Elite schools such as Eton, Harrow and Gordonstoun alone received nearly £2 million last year, under a Ministry of Defence scheme which helps servicemen and women pay school fees.

It’s a standard part of military pay, and has been for generations.

The MoD wants to be able to pick up units and place them in various places around the world at will. Thus is subsidises the British education of British children in the British school system. The alternative is to have schools up to A level standard on every base around the world that families might get posted to. Quite possibly the more expensive option.

There’s a useful way at kicking back at those who would dismantle this system. Just point out that the Diplomatic corps gets a better (more of the fees are paid) deal than the military and just watch the FCO quash any attempt to end the system.

37 thoughts on “Yes, and?”

  1. I would note that it is no longer a “standard part of military pay”. Although you can still get “Continuity of Education Allowance”, it is now much more difficult both to qualify for and, unlike in the past, you need to remain in a qualifying position to keep it.

    I believe that, historically, the children just needed to remain at the same school (age-related changes were automatically approved) and you merely needed to remain eligible for deployed roles.

  2. So Much For Subtlety

    For f**ks sake. It is hard enough to get decent officers for the Army. Insisting that we screw their children over is not going to help.

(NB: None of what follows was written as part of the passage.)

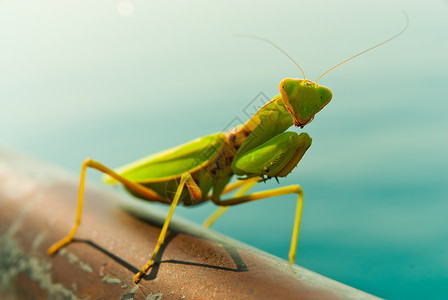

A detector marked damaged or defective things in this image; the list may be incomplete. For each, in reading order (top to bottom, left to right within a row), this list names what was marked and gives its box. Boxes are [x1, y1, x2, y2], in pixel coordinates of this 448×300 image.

rusty metal pipe [0, 149, 382, 298]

    And screw the FCO. It is not as if they are on our side anyway. But there is no evidence that we are getting higher quality there than, say, the BBC. Most FCO bods I meet would make pretty good middle ranking journalists.

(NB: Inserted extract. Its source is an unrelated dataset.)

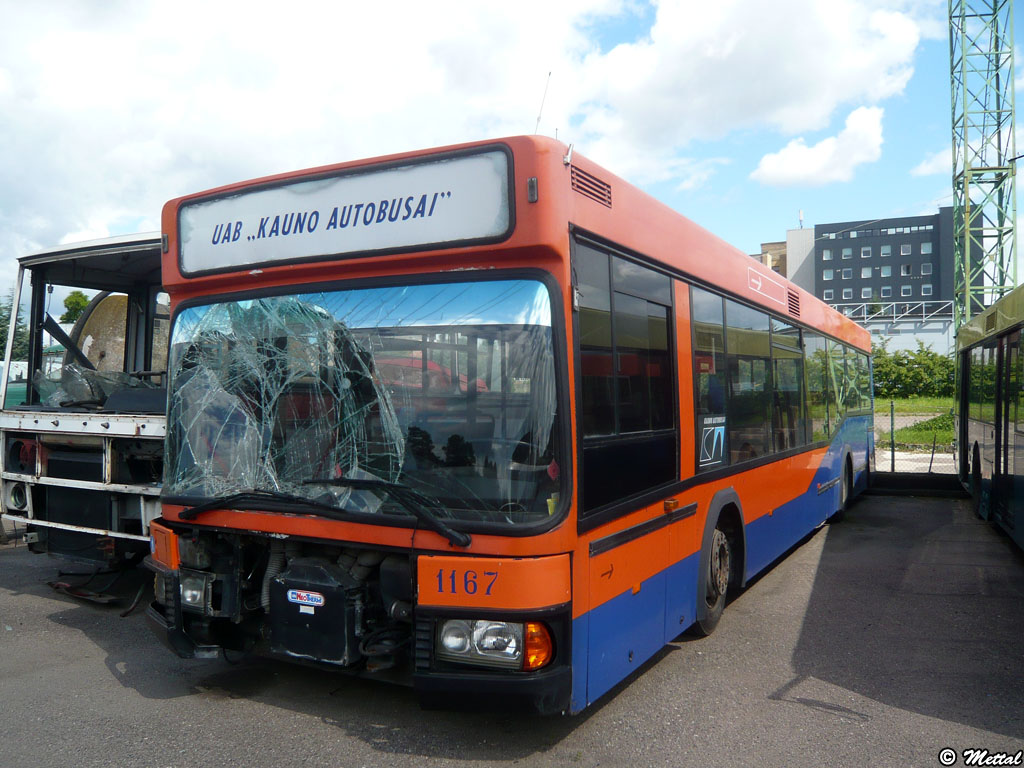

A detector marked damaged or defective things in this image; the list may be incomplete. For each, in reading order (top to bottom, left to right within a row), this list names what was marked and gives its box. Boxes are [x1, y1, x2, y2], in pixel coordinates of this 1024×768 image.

shattered windshield [162, 280, 560, 524]
broken glass [170, 280, 568, 524]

    The question is what do multinationals pay for their employee’s children? If they are not ensuring a decent education, I assume it would be hard to get decent employees. Especially for those in mid-career who have teenage children.

  3. Multinationals typically pay for private school where the employee is sent – hence International Schools all over the place. The US has small-town-USA army bases all over the world with schools and bowling alleys and movie theatres. Just different ways of achieving the same thing. The multinationals are figuring out how much it all costs, though, and cutting right back. I remember GE doing the maths in the 90’s and realising they had about a thousand expats in the system at an average cost of about $1 million each (in addition to ordinary salary and bonus) in housing, tax, cost-of-living, school and travel subsidies. Big numbers.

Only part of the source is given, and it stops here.